WOL funktioniert generell nur mit Lan Kabel. Allerdings sollte es kein Problem sein wenn nur den Netbook per Wlan das Magic Packet sendet und der HauptPC per Kabel angeschlossen ist.


----------



## amdintel (23. Februar 2010)

es gibt hier keinen Haupt PC jeder PC ist ein Haupt PC 
und ich konnte nicht aufs Netbook und auch nicht auf anderen PCs zugreifen und noch mal "Taste Rollen"
ist ohne Funktion , die Taste Rollen wird genötigt um den USB Hub umzuschalten , dahin ist kein spiel Kram sondern , ein mal ein Scanner, mehrere HDDs und UMTs


----------



## GPHENOM (23. Februar 2010)

Der HauptPC ist leider mit dem oben genannten Stick angeschlossen.

@amdintel

Ich muss zugeben dein post ergibt für mich keinen Sinn.


----------



## riedochs (23. Februar 2010)

amdintel schrieb:


> es gibt hier keinen Haupt PC jeder PC ist ein Haupt PC
> und ich konnte nicht aufs Netbook und auch nicht auf anderen PCs zugreifen und noch mal "Taste Rollen"
> ist ohne Funktion , die Taste Rollen wird genötigt um den USB Hub umzuschalten , dahin ist kein spiel Kram sondern , ein mal ein Scanner, mehrere HDDs und UMTs



Liest du eigentlich das was du schreibst?



AMDPHENOMX3 schrieb:


> Der HauptPC ist leider mit dem oben genannten Stick angeschlossen.
> 
> @amdintel
> 
> Ich muss zugeben dein post ergibt für mich keinen Sinn.



Dann geht es nicht mit WOL.


----------



## dot (23. Februar 2010)

AMDPHENOMX3 schrieb:


> Hab keine lust immer zum PC zu rennen um ihn aufzuwecken.



Wieviele Meter sind es denn?
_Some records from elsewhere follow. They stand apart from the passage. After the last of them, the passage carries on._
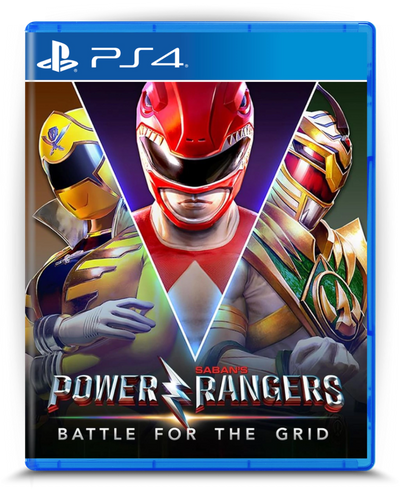 Power Rangers: Battle For The Grid - PS4 MÍDIA DIGITAL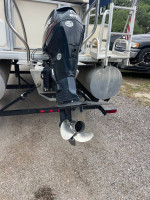 2008 GOODFREY BY SWEETWATER 1980 RE,W/60 HP EVINRUDE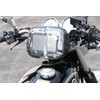 ラフアンドロード(ROUGH&ROAD) バイク用ポーチ ガジェットPASケース ブラック 1L W18XD5XH12cm RR9803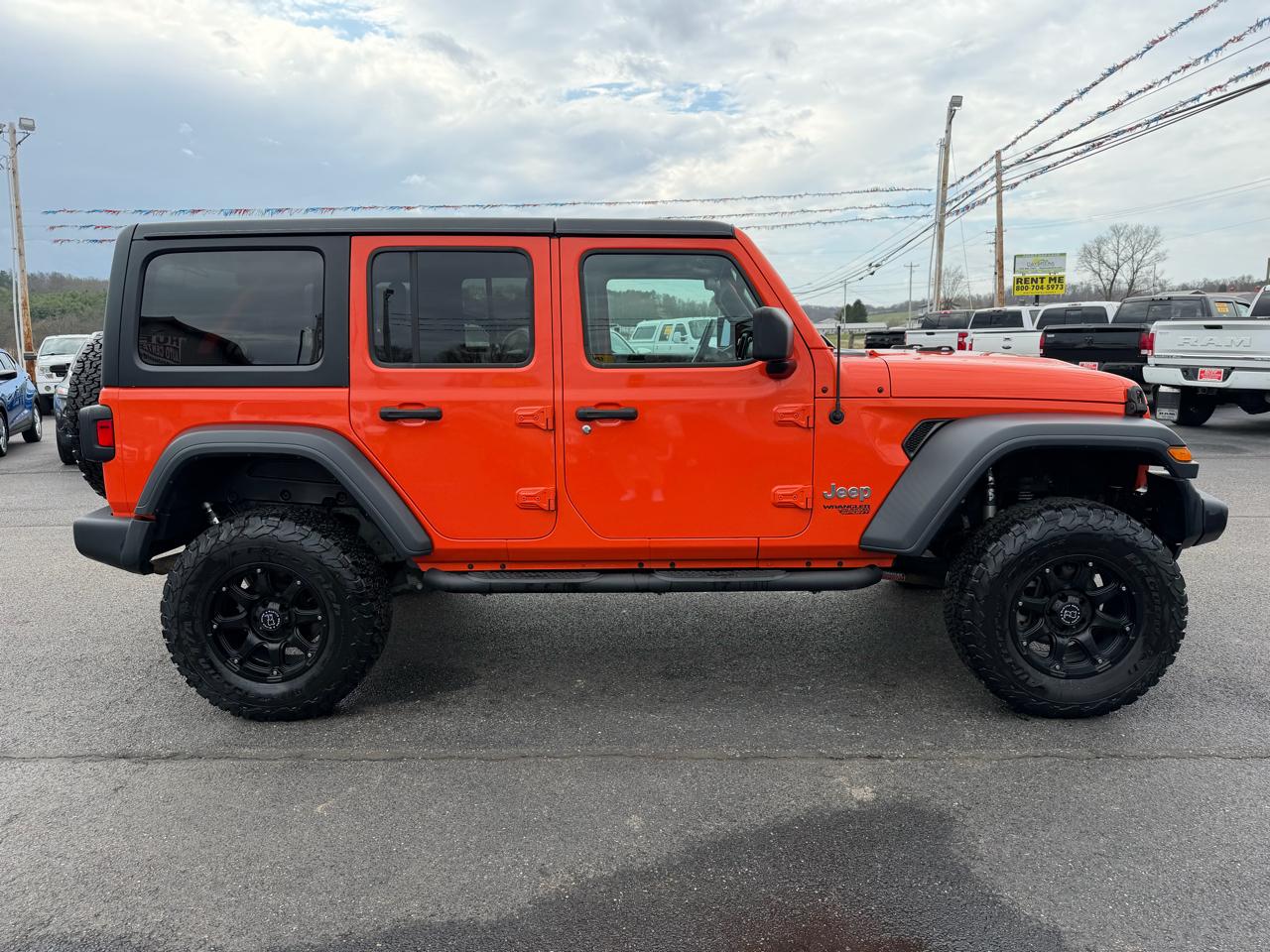 Jeep Wrangler Unlimited Sport S 4x4 2018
Laesst sich ein kleines "Aufweck"-Kabel verlegen? 




> WOL funktioniert generell nur mit Lan Kabel. Allerdings sollte es kein Problem sein wenn nur den Netbook per Wlan das Magic Packet sendet und der HauptPC per Kabel angeschlossen ist.



Mit der Aussage waere ich vorsichtig. Das Interwebz sagt was anderes


----------



## riedochs (23. Februar 2010)

Das Magic Packet wird ja als Broadcast verschickt und das sollte doch funktonieren.


----------



## GPHENOM (25. Februar 2010)

@dot
Das kabel müsste durch eine Decke und eine Wand also leider nein.

Würde mir jemand erklären wie ich es einrichten kann?


----------